Under the plan, put forward by the Home Affairs Bureau, internet cafes with at least five computers will be regulated. But internet kiosks at hotels and airports, on private housing estates and at youth centres will not be affected.

The government says that children under 16 will be barred from entering internet cafes between midnight and 8am. Internet cafes inside residential or mixed-use buildings will have to close by midnight. In other words, only cafes inside commercial buildings will be allowed to operate after midnight.

Alcoholic drinks will not be allowed and filters barring access to violent and erotic websites must be in place. In addition, partitions separating different computers cannot be higher than 1.5 metres.

Some of the rules are already listed in a code of practice issued to internet cafe owners in 2003, but compliance has been voluntary.

Secretary for Home Affairs Raymond Young Lap-moon said the plan was put forward because, despite this code of practice, some people were still worried that cafes were gathering places for young delinquents.

According to Young, there are more than 200 internet cafes in the city, with about half belonging to commercial chains. An average of about 20 complaints and two crimes were linked to the cafes each year.

The plan will go through a series of consultations in the next few months, and will be tabled in the Legislative Council by the middle of next year.

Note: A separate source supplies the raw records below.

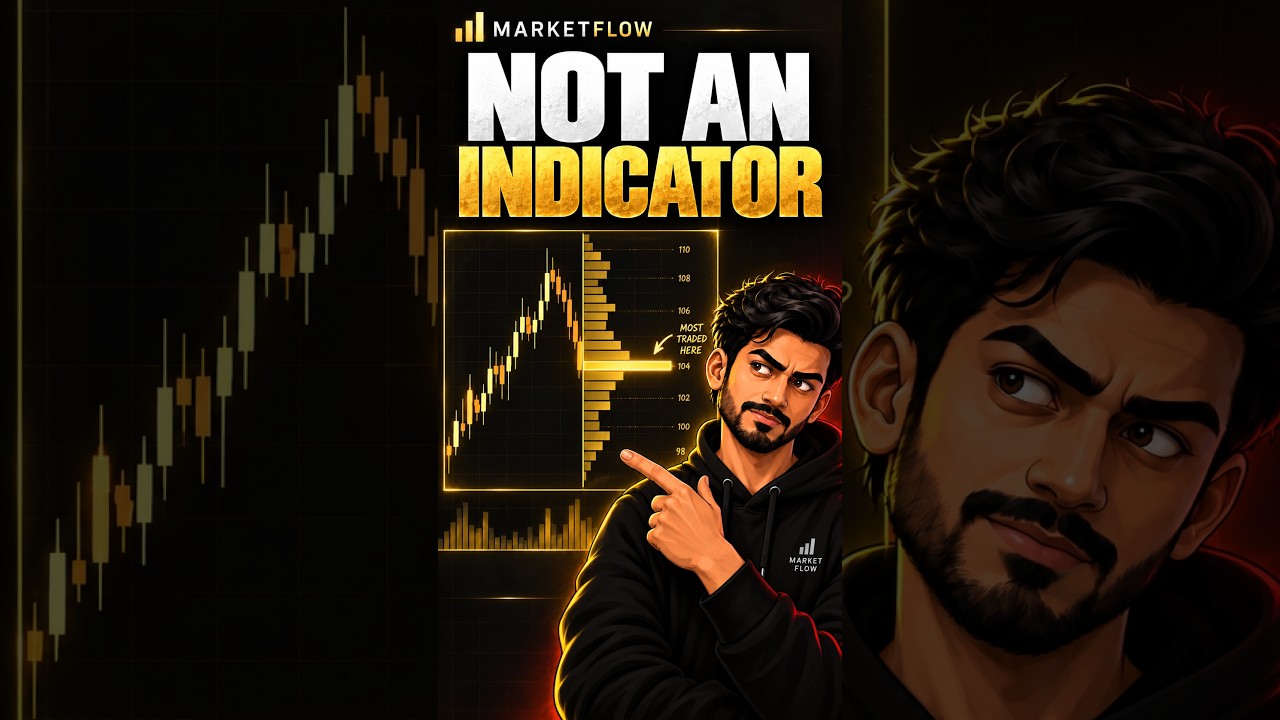 Volume Profile Is Not an Indicator — It's the Auction's Record (Urdu/Hindi) 📊 #shorts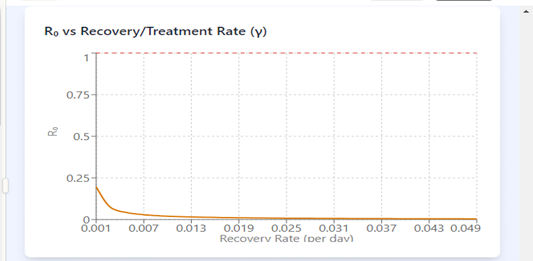 The graph of the reproduction number against the recovery rate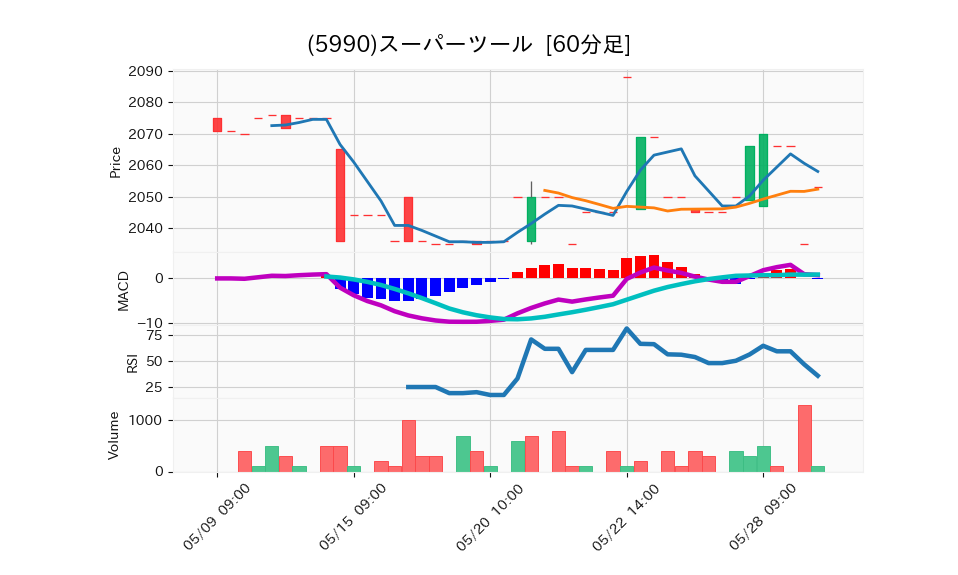 5990_hour_3week_chart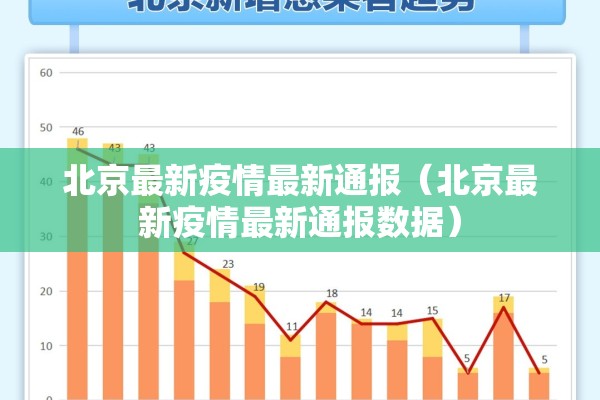 北京最新疫情最新通报（北京最新疫情最新通报数据）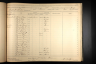 U.S., Civil War Draft Registrations Records, 1863-1865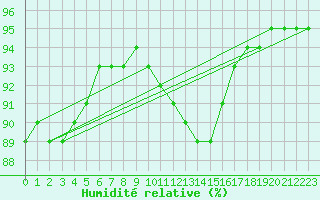 Courbe de l'humidit relative pour Haegen (67)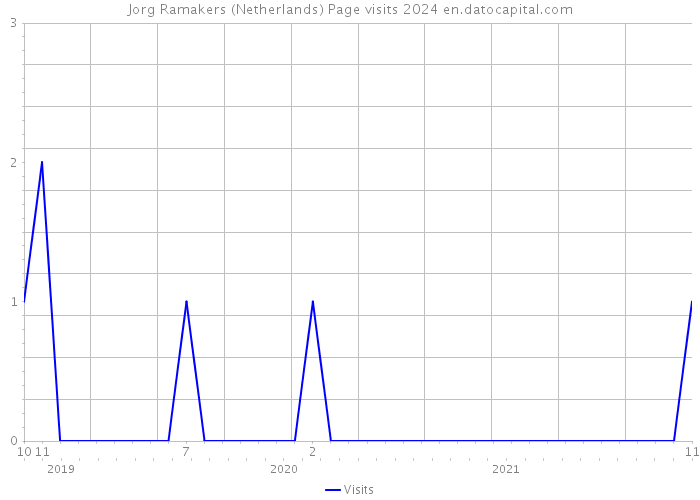 Jorg Ramakers (Netherlands) Page visits 2024 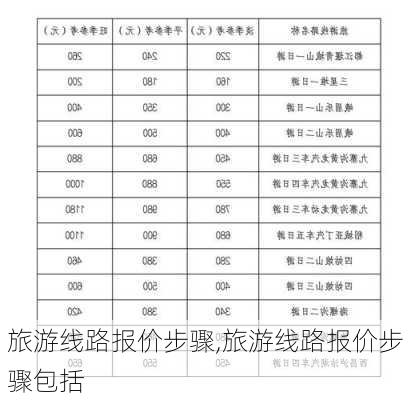 旅游线路报价步骤,旅游线路报价步骤包括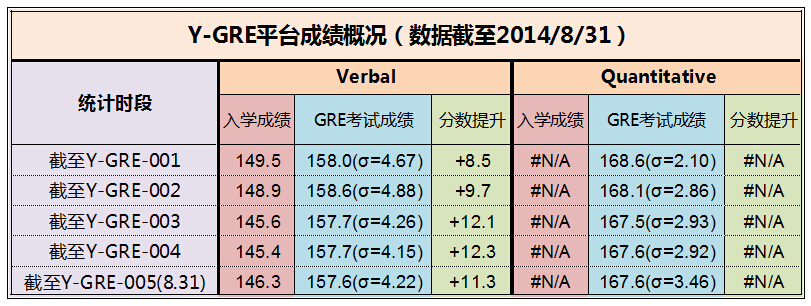 云英语Y-GRE平台成绩概况（数据截至2014-8-31）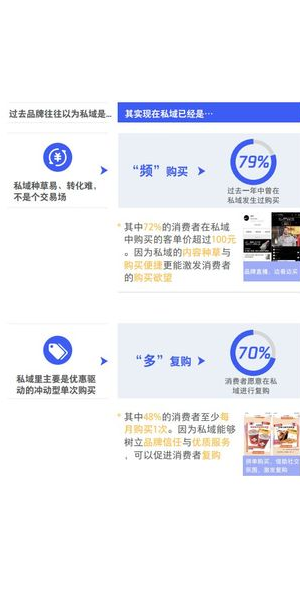 私域直播是什么啊?一文带你揭开其神秘面纱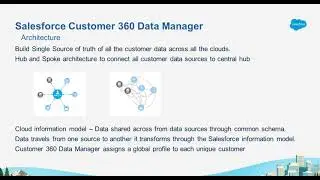 TDX20 (Salesforce) : Visakhapatnam, IN Developers Group - Learn New Features for Developers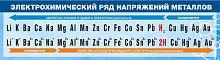 Стенд для школы ЭЛЕКТРОХИМИЧЕСКИЙ РЯД НАПРЯЖЕНИЙ МЕТАЛЛОВ, 1,25*0,34м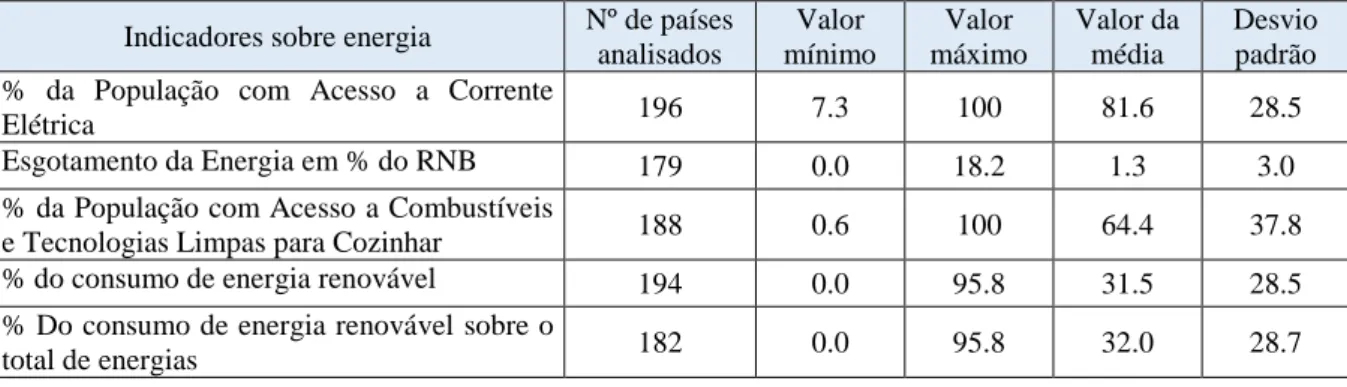 Tabela 4. 6: Estatística Descritiva de Energia no Mundo em 2015 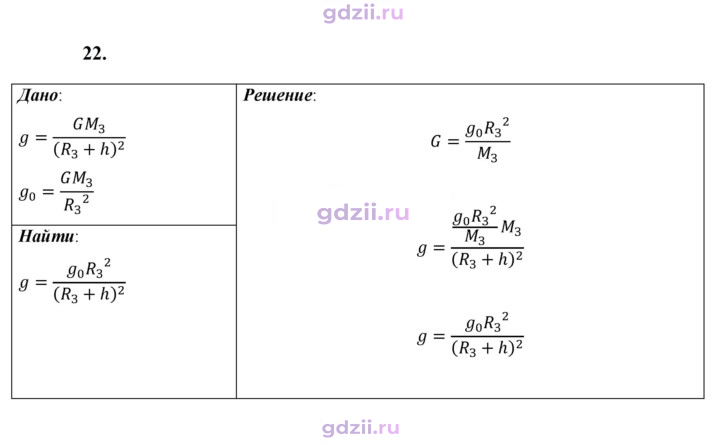 Скан решения номера 22
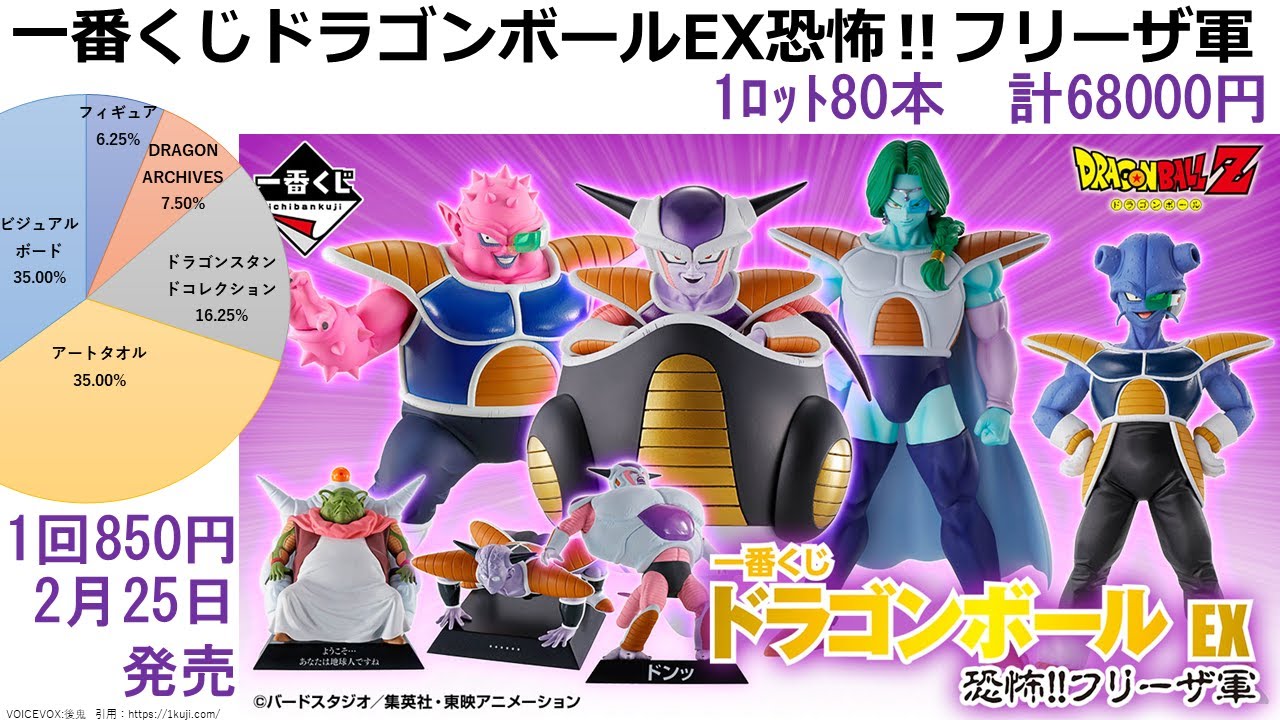 ドラゴンボール - 一番くじ ドラゴンボールEX 恐怖!!フリーザ軍　A賞 一番くじ ドラゴンボール EX 恐怖‼フリーザ軍 各賞の当選確率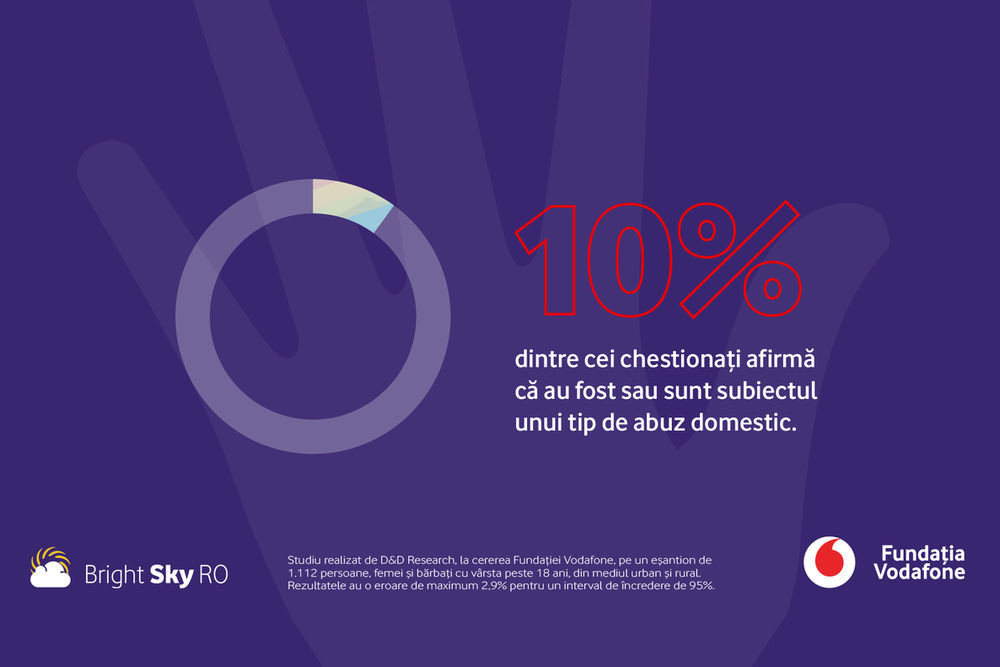 Infografic_Studiu Fundatia Vodafone (5)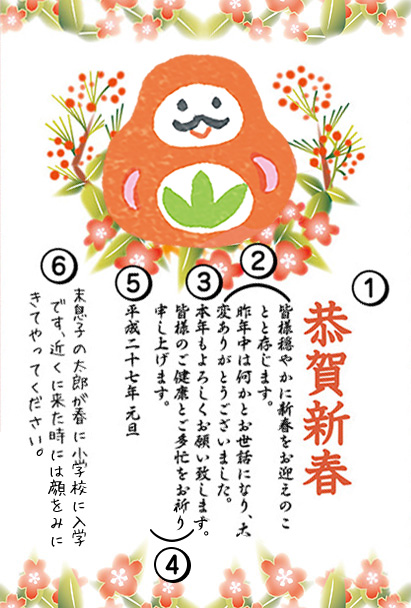 ボード「年賀状 素材」のピン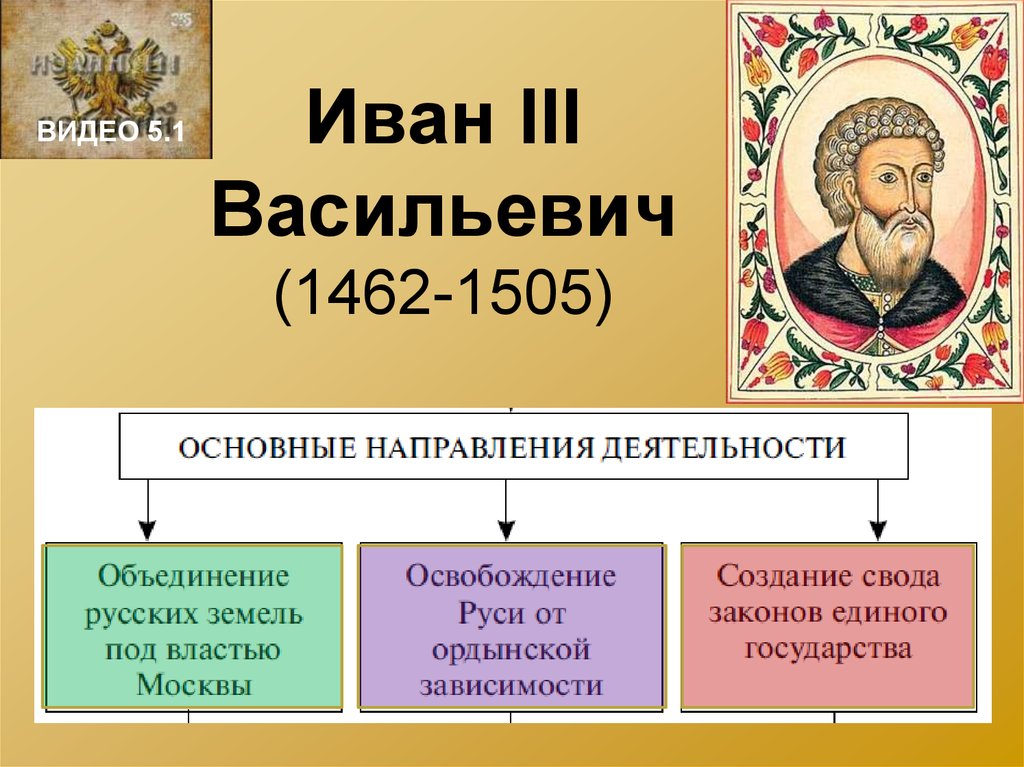 История 6 класс презентация правление ивана 3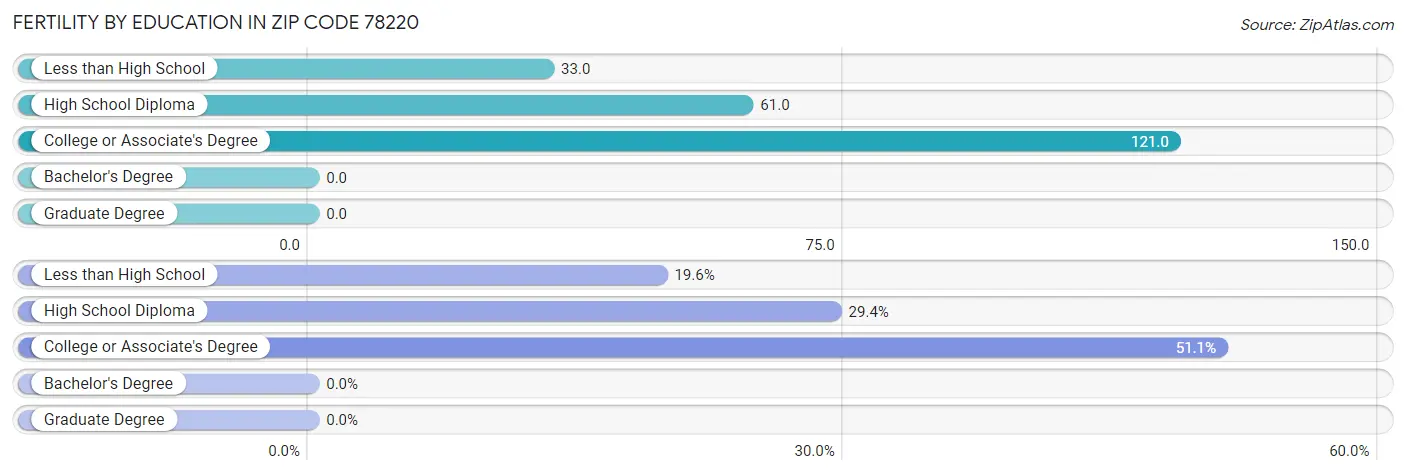 Female Fertility by Education Attainment in Zip Code 78220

Teens had mixed views about the plan. Ken Cheung Kwan-kiu, 16, said cafes might have attracted some hooligans in the past, but this had stopped. Cafe staff kept a keen eye on anything suspicious, because they had been subject to increased police inspections. He was unsure how successful the plan would be. 'If they can't stay in the cafes overnight, teenagers will just go somewhere else,' he said. 'There will not be much effect.'

Another teenager said the plan might not be easy to implement as cafe staff might not be keen on checking teenagers' ID cards.

Chan Ka-ling, a social worker and director of Youth Outreach's School of Hip Hop, said the plan itself was not enough to solve the problem of teen delinquency in internet cafes.

She said the government should work with youth centres to come up with a strategy on how to deal with teenagers who caused trouble.

Otherwise, she said, teenagers would just go to game centres if they were banned from internet cafes. She and her team had been visiting internet cafes, trying to get troubled teens back on the right track.